But it also invited creatives including documentarian Fabien Cousteau, whose grandfather pioneered marine conservation. And it additionally features thoughts from EarthX founder Trammell Crow.

The most urgent challenges in ocean conservation

EarthX’s event largely focused on four key topic areas, which encompass many of the most urgent challenges in ocean conservation:

  • High seas protection: Open ocean areas that do not fall within any country’s jurisdiction often include high-risk and neglected ecosystems
  • Protecting coral reefs:Coral reefs support a quarter of all marine species on the planet, but make up only 0.1% of our ocean.” Yet we still destroy them at a rapid rate
  • Reducing ocean plastic: While ocean plastic is an issue that most people know impacts marine ecosystems, most are surprised to find that “the average person ingesting the equivalent of 1 credit card a week in microplastics,” according to EarthX
  • Making fisheries more sustainable: Overfishing depletes global fish populations, which could lead to fishery collapse by 2048, according to EarthX

While these issues are well-known and many experts work to tackle them, certain human actions are setting us back. For instance, the Great Barrier Reef has suffered a number of bleaching events.

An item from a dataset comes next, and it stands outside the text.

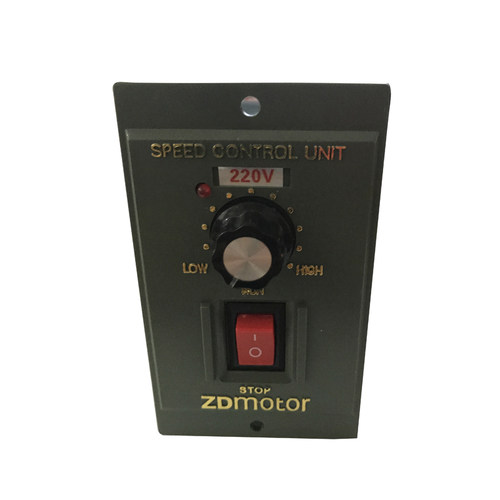 3W堵转电机中大力矩电机收卷收料专用堵转马达2TK3GN-CP - 图2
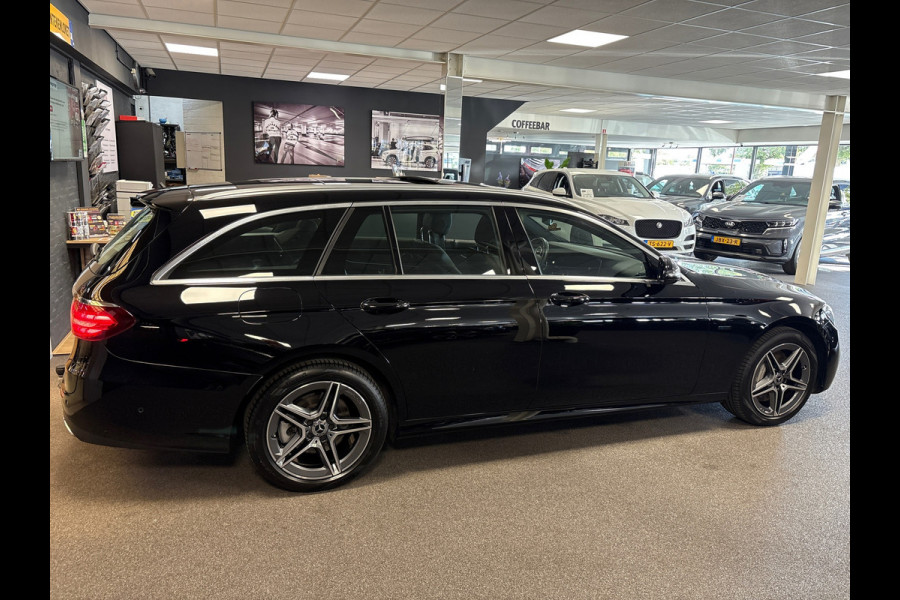 Mercedes-Benz E-Klasse Estate 300 e AMG Line/pano/wide screen/face lift/trekhaak/navi/camera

Additionally, while members of the public and private sector alike have tried to reduce ocean pollution, reportedly “more than 8 million tons of plastic are dumped in our oceans every year.”

EarthX founder shares the ethos behind his team’s 2020 event

EarthX founder Trammell S. Crow

Sure, you could read about ocean conservation from digital sources and learn a small handful of ocean conservation statistics. But EarthX founder Trammell Crow‘s philosophy is that there’s no better way to encourage conversation than to bring a variety of perspectives together through an event.

And as a former businessman, he knows that collaborating with aligned organizations can be crucial.

“EarthX and EarthxFilm have worked with many people with the National Geographic Society in years past most notably Sylvia Earle. We were pleased to partner with them on Ocean’s week and other events in 2020,” Crow tells me in an email.

“This year’s conferences included many sources and people from National Geographic Society all working for a positive result in furthering our actions.”

A documentarian’s role in fostering effective ocean conservation

Aside from bringing people together to discuss ocean conservation challenges, the media also plays a big role in building awareness. While various media formats share information about ocean conservation, documentaries often offer a more personal story.

And that’s no exception for Fabien Cousteau, whose grandfather Jacques-Yves Cousteau inspired him early-on.

“The best education comes from those who have built the knowledge and wisdom before us. I had the unique opportunity to learn so much being in the field with pioneers such as my grandparents and those who were part of the crew of Calypso and Alcyone,” he tells me in an email.

“The most valuable fundamental lesson I learned growing up: Ocean is life. No ocean, no life. No healthy ocean, no healthy future,” he adds.

A simple but important message indeed. But it’s one that motivated Cousteau greatly to pursue ocean conservation and documentary filmmaking. Today, he uses them in tandem to make sure everyone knows it should be a priority.